_WHAT YOU SHOULD DO_.
Every picture should be left out, but the lines below must be repeated exactly.

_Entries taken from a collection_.
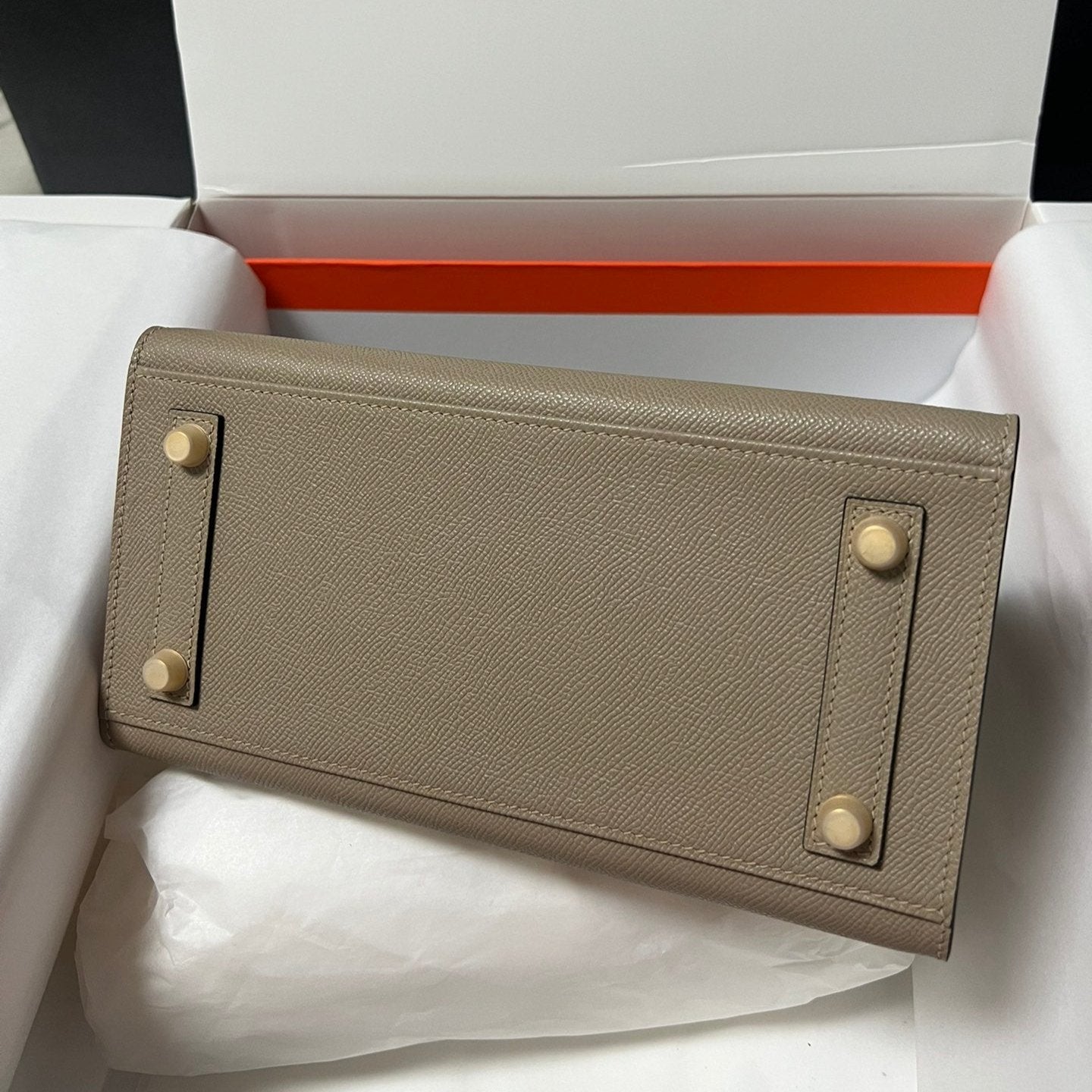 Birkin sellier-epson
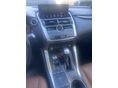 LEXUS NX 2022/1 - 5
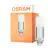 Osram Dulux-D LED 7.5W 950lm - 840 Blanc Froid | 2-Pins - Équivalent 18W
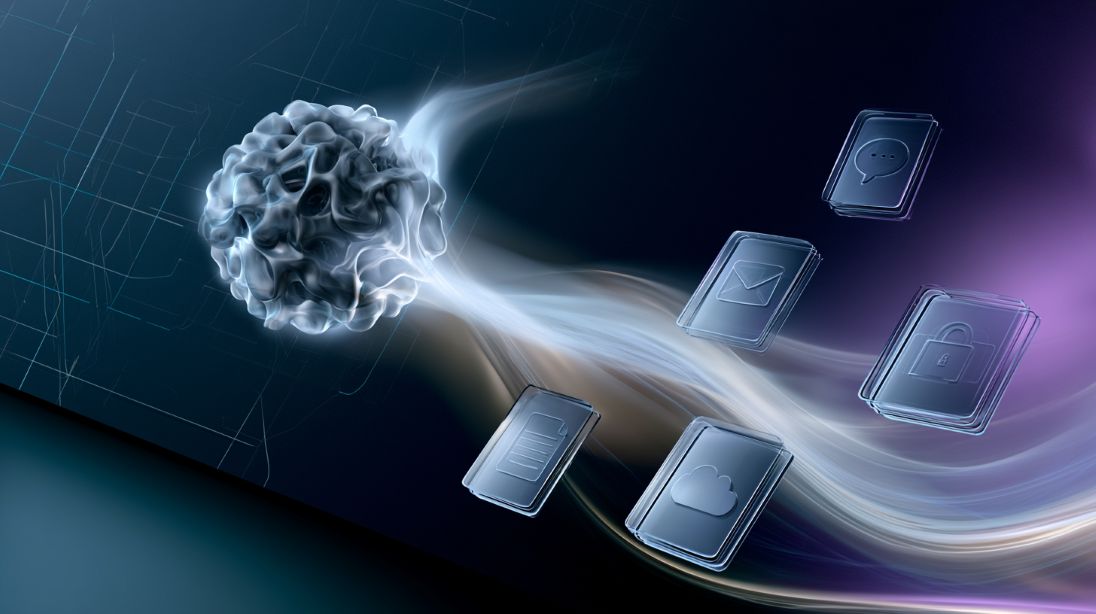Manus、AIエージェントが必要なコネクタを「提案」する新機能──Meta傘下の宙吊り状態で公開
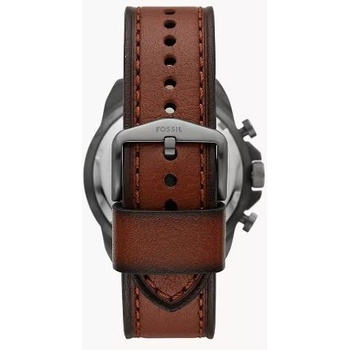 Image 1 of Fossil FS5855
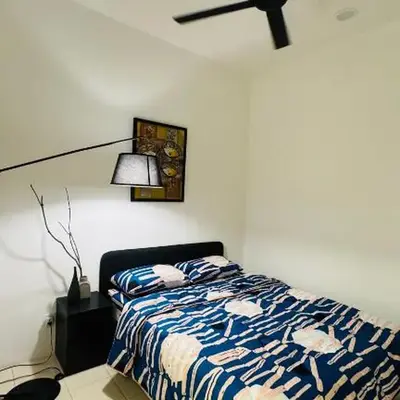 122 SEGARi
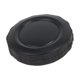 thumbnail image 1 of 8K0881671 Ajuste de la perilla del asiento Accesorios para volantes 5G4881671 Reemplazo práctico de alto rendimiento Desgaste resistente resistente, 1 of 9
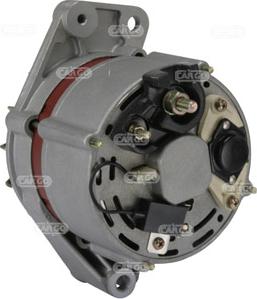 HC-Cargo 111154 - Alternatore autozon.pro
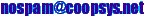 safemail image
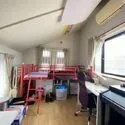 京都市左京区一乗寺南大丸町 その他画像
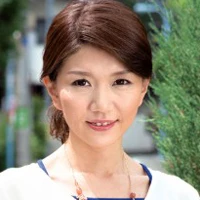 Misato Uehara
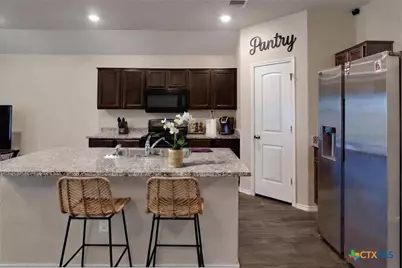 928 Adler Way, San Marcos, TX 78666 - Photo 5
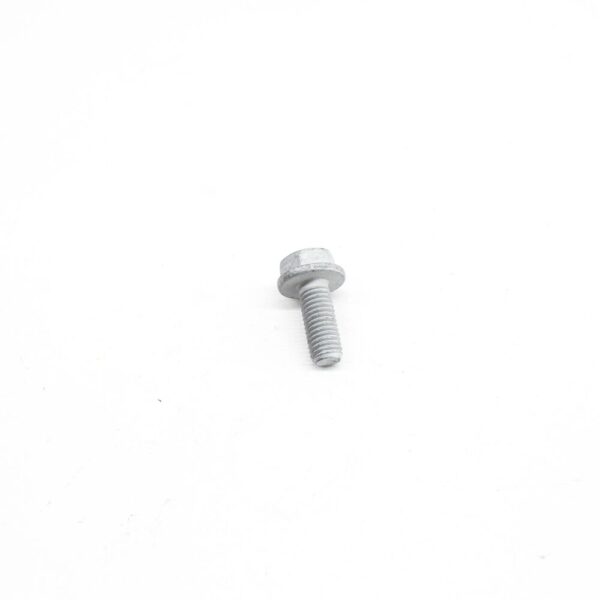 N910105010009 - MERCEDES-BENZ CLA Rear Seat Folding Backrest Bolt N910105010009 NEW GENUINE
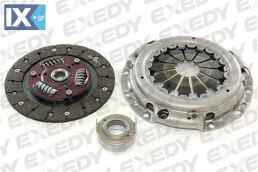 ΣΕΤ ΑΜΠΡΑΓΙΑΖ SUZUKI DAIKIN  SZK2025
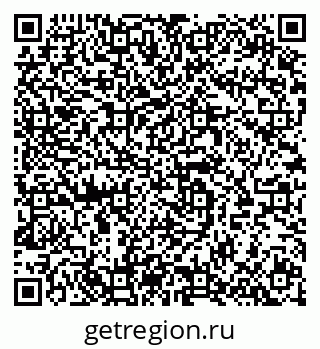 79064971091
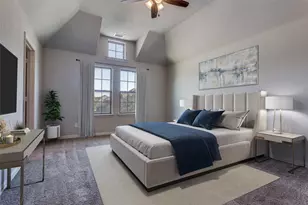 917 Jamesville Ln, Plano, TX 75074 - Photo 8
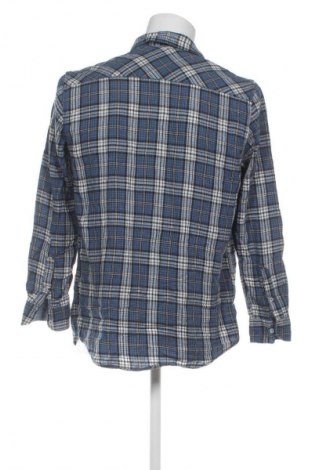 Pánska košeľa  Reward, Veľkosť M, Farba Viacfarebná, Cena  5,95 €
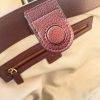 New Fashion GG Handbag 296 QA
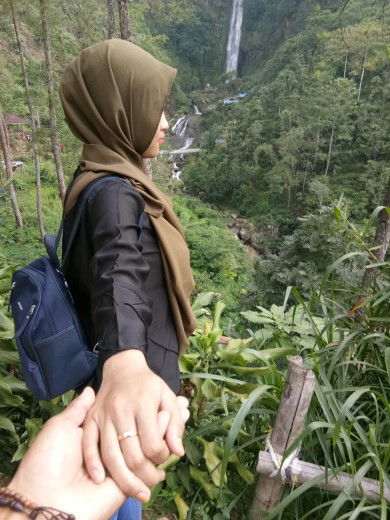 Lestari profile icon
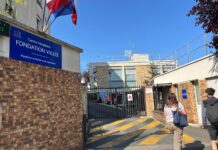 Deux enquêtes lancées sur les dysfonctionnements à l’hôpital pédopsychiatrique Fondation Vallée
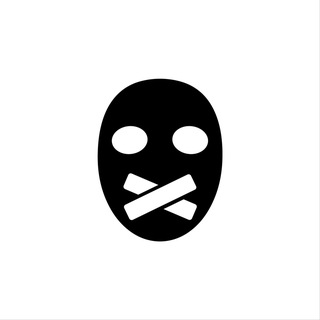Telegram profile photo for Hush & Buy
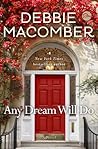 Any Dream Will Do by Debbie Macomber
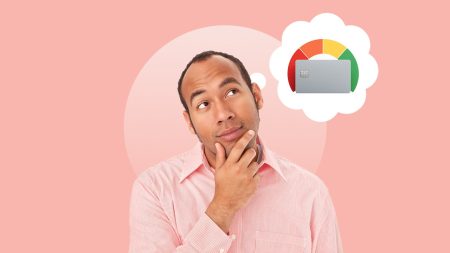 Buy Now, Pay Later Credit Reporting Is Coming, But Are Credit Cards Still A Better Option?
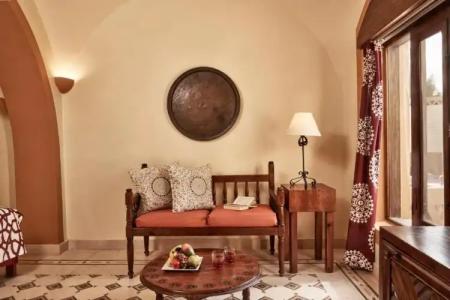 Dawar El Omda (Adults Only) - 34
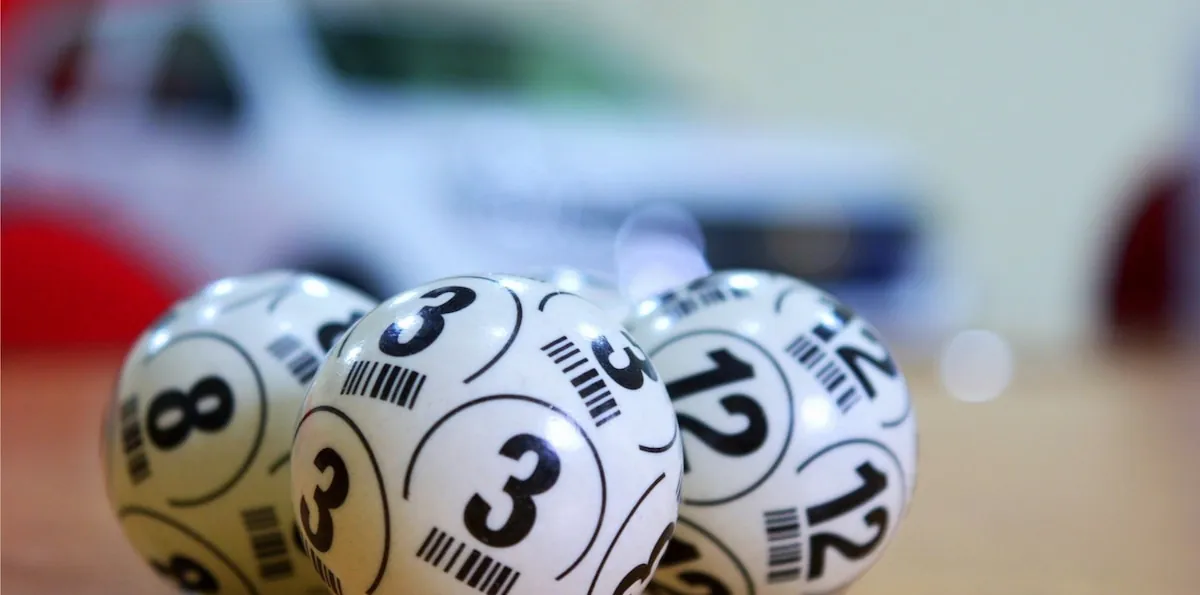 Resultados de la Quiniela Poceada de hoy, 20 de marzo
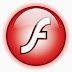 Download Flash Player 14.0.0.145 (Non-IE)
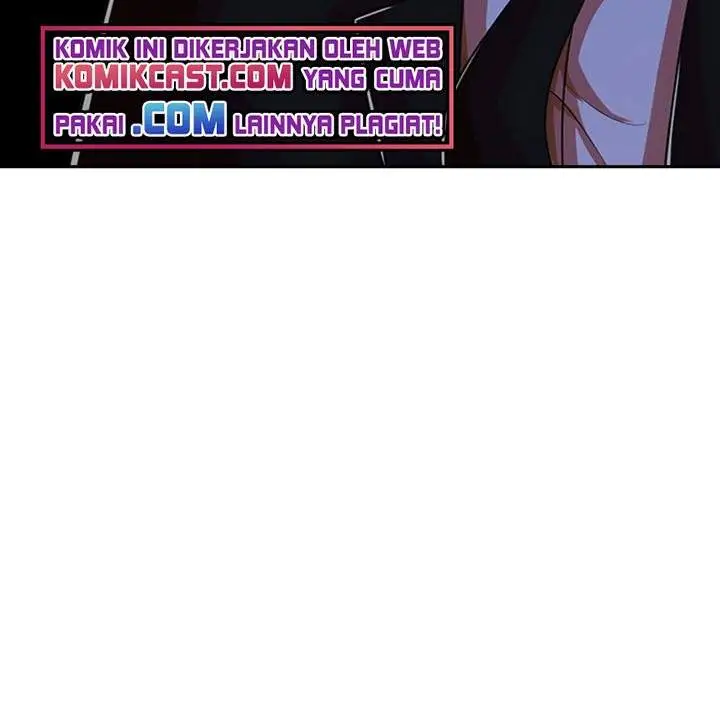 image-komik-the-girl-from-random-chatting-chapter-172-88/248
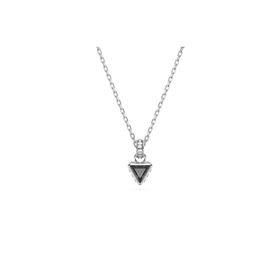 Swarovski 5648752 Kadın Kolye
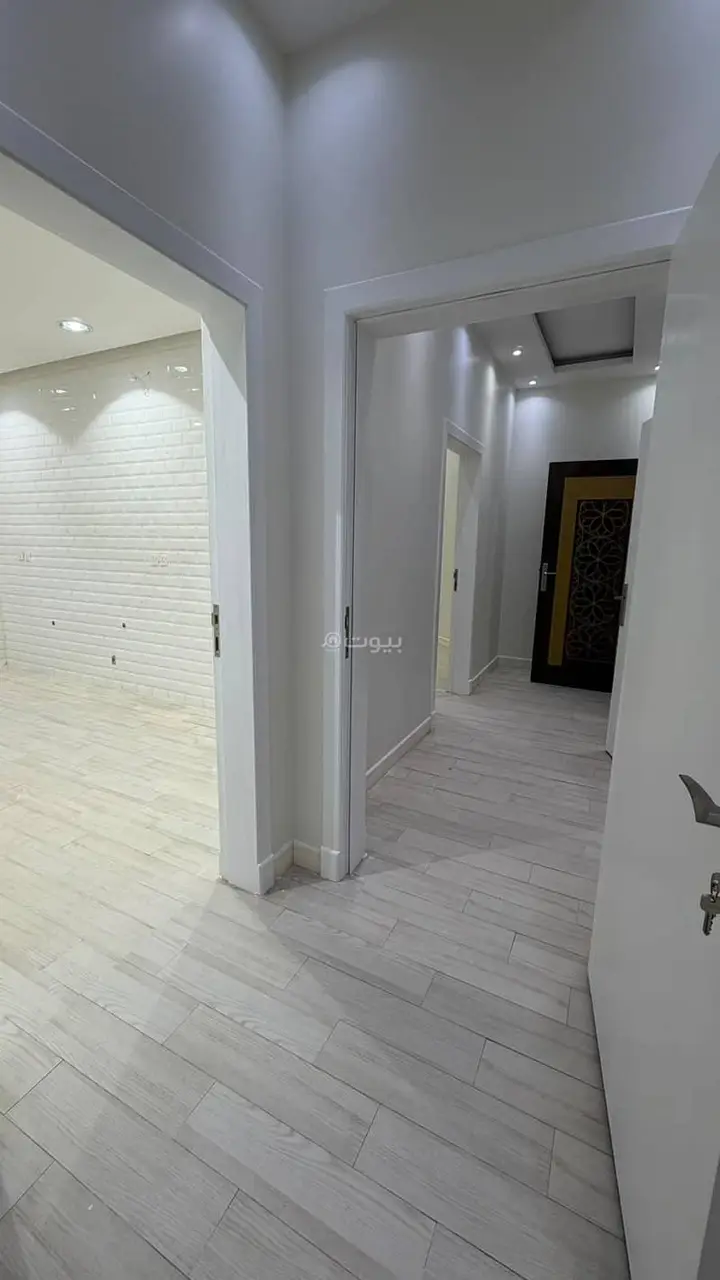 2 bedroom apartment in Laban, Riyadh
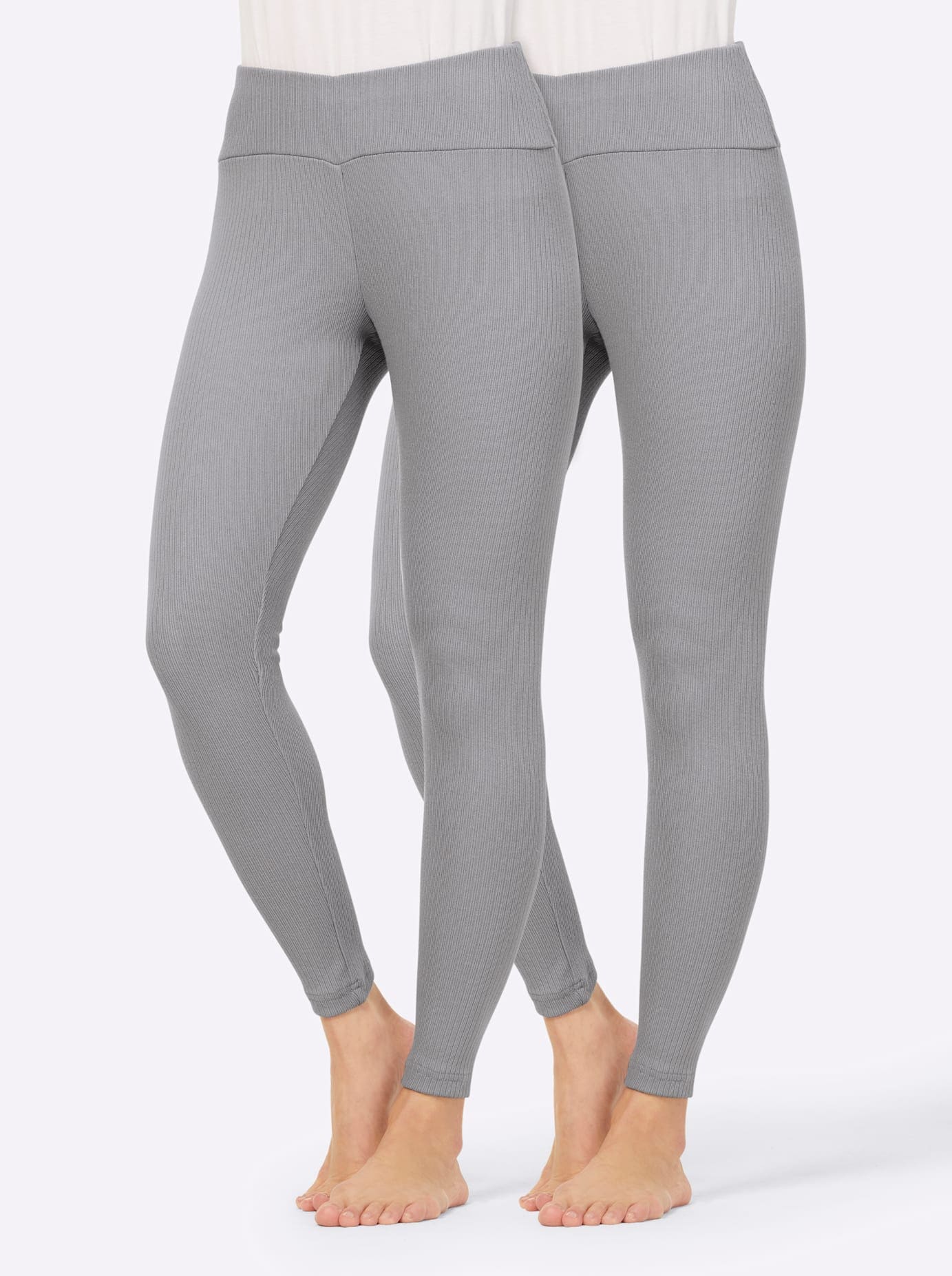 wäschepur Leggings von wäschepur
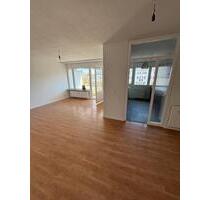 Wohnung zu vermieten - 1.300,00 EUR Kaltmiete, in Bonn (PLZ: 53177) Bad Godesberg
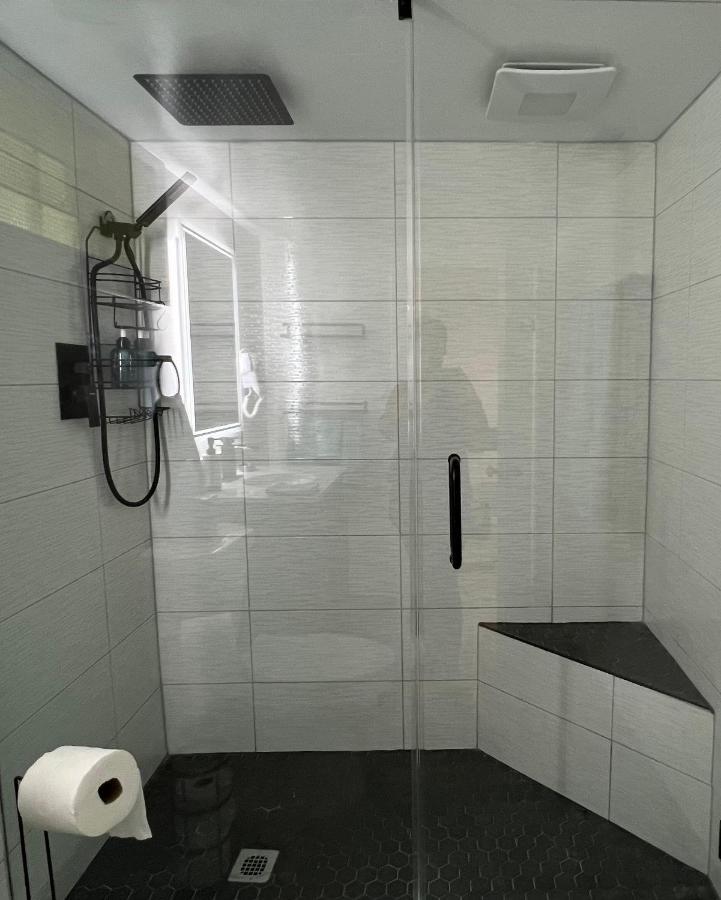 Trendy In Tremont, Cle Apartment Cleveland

_TASK SOLUTION_.
 Birkin sellier-epson
 LEXUS NX 2022/1 - 5
 Osram Dulux-D LED 7.5W 950lm - 840 Blanc Froid | 2-Pins - Équivalent 18W
Manus、AIエージェントが必要なコネクタを「提案」する新機能──Meta傘下の宙吊り状態で公開
 Image 1 of Fossil FS5855
 122 SEGARi
 thumbnail image 1 of 8K0881671 Ajuste de la perilla del asiento Accesorios para volantes 5G4881671 Reemplazo práctico de alto rendimiento Desgaste resistente resistente, 1 of 9
 HC-Cargo 111154 - Alternatore autozon.pro
 safemail image
 京都市左京区一乗寺南大丸町 その他画像
 Misato Uehara
 928 Adler Way, San Marcos, TX 78666 - Photo 5
 N910105010009 - MERCEDES-BENZ CLA Rear Seat Folding Backrest Bolt N910105010009 NEW GENUINE
 ΣΕΤ ΑΜΠΡΑΓΙΑΖ SUZUKI DAIKIN  SZK2025
 79064971091
 917 Jamesville Ln, Plano, TX 75074 - Photo 8
 Pánska košeľa  Reward, Veľkosť M, Farba Viacfarebná, Cena  5,95 €
 New Fashion GG Handbag 296 QA
 Lestari profile icon
 Deux enquêtes lancées sur les dysfonctionnements à l’hôpital pédopsychiatrique Fondation Vallée
Telegram profile photo for Hush & Buy
 Any Dream Will Do by Debbie Macomber
 Buy Now, Pay Later Credit Reporting Is Coming, But Are Credit Cards Still A Better Option?
 Dawar El Omda (Adults Only) - 34
 Resultados de la Quiniela Poceada de hoy, 20 de marzo
 Download Flash Player 14.0.0.145 (Non-IE)
 image-komik-the-girl-from-random-chatting-chapter-172-88/248
 Swarovski 5648752 Kadın Kolye
 2 bedroom apartment in Laban, Riyadh
 wäschepur Leggings von wäschepur
 Wohnung zu vermieten - 1.300,00 EUR Kaltmiete, in Bonn (PLZ: 53177) Bad Godesberg
 Trendy In Tremont, Cle Apartment Cleveland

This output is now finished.